### Instructions for the task
Exactly retype the lines from the top of the data through the line containing "Tesla Model 3 2022", leaving out every picture.

### Dataset records
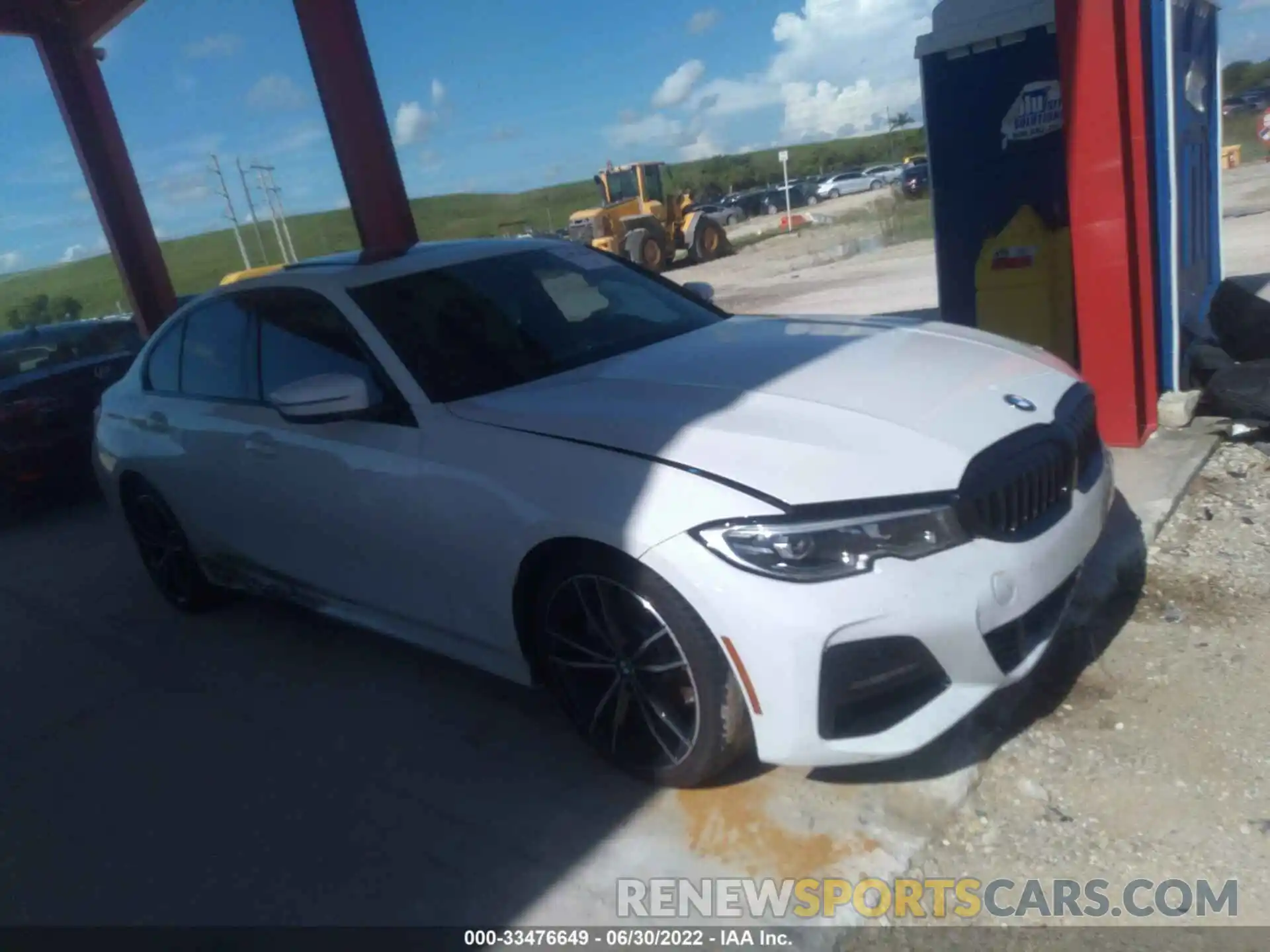 1 Photograph of a damaged car WBA5R1C53KAK12314 BMW 3 SERIES 2019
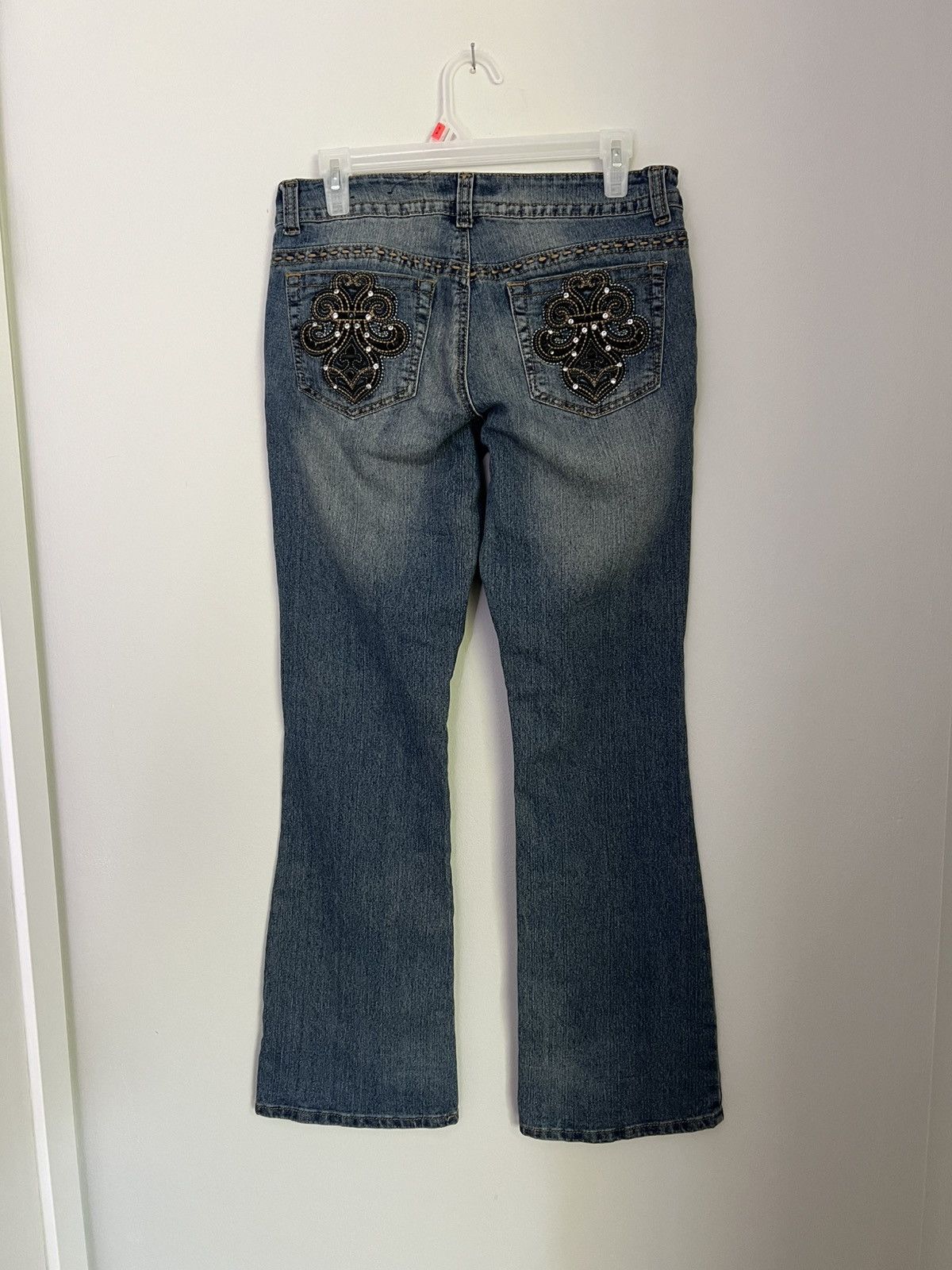 Southpole Vintage Y2K SouthPole Low waisted Womens Wide Leg Jeans Size 30" / US 8 / IT 44 - 4 Thumbnail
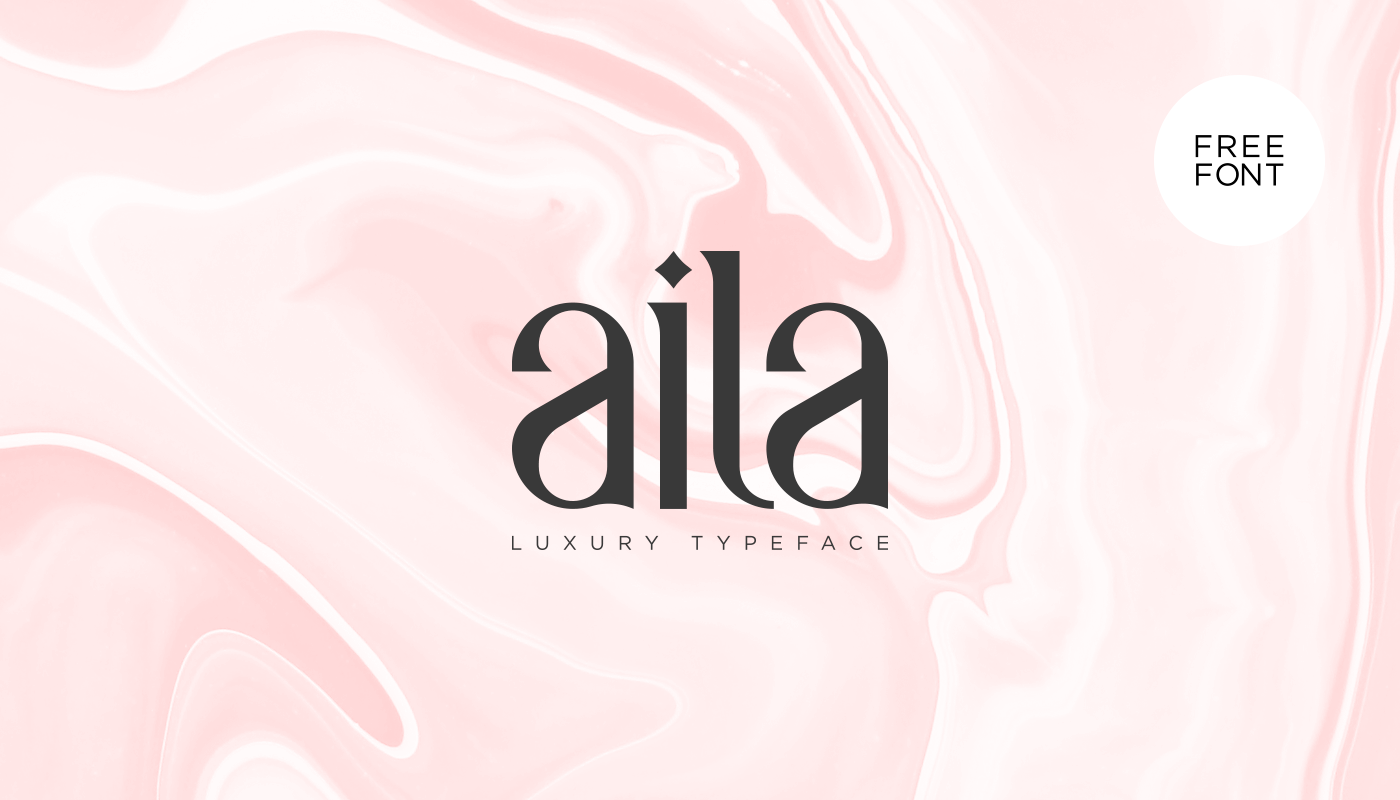 Пример шрифта Aila #1
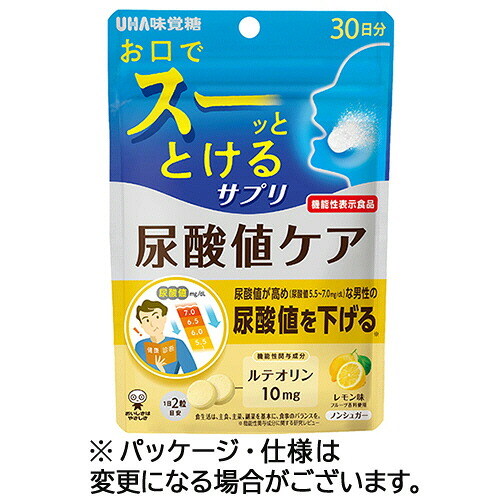 【お取寄せ品】 ＵＨＡ味覚糖　瞬間サプリ　尿酸値ケア　３０日分　１セット（１４４０粒：６０粒×２４パック） 【送料無料】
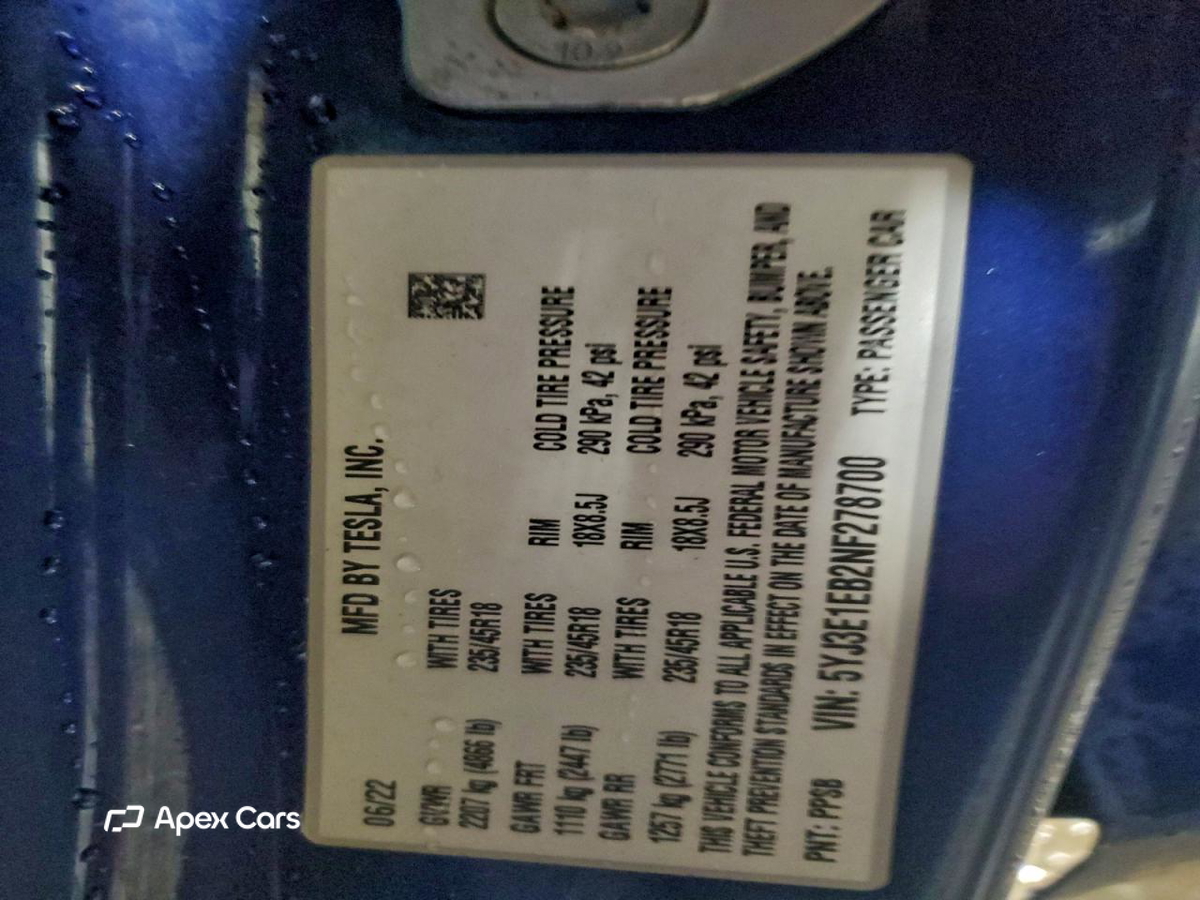Tesla Model 3 2022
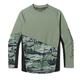 Smartwool Men's Mountain Bike Long Sleeve Jersey Mountainbike-Langarmtrikot für Herren, SAGE Marble Giants, S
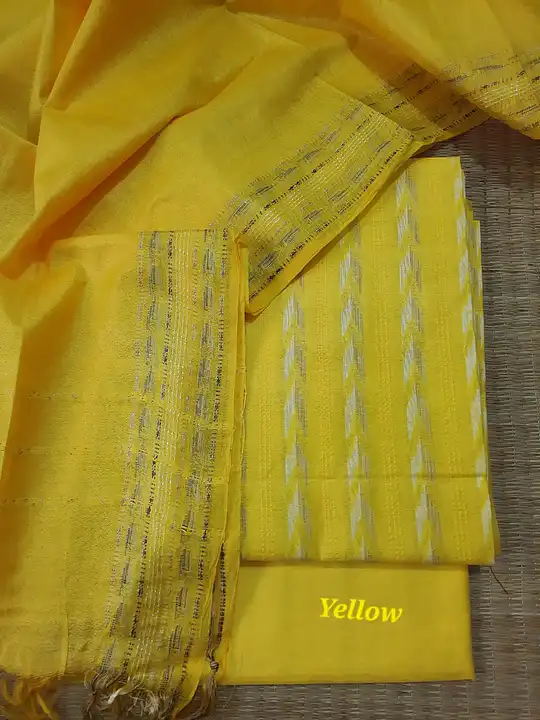 Katan silk dovi pattern suits  uploaded by Aafaque Handloom on 4/12/2023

### Solution to this exercise
 1 Photograph of a damaged car WBA5R1C53KAK12314 BMW 3 SERIES 2019
 Southpole Vintage Y2K SouthPole Low waisted Womens Wide Leg Jeans Size 30" / US 8 / IT 44 - 4 Thumbnail
 Пример шрифта Aila #1
 【お取寄せ品】 ＵＨＡ味覚糖　瞬間サプリ　尿酸値ケア　３０日分　１セット（１４４０粒：６０粒×２４パック） 【送料無料】
Tesla Model 3 2022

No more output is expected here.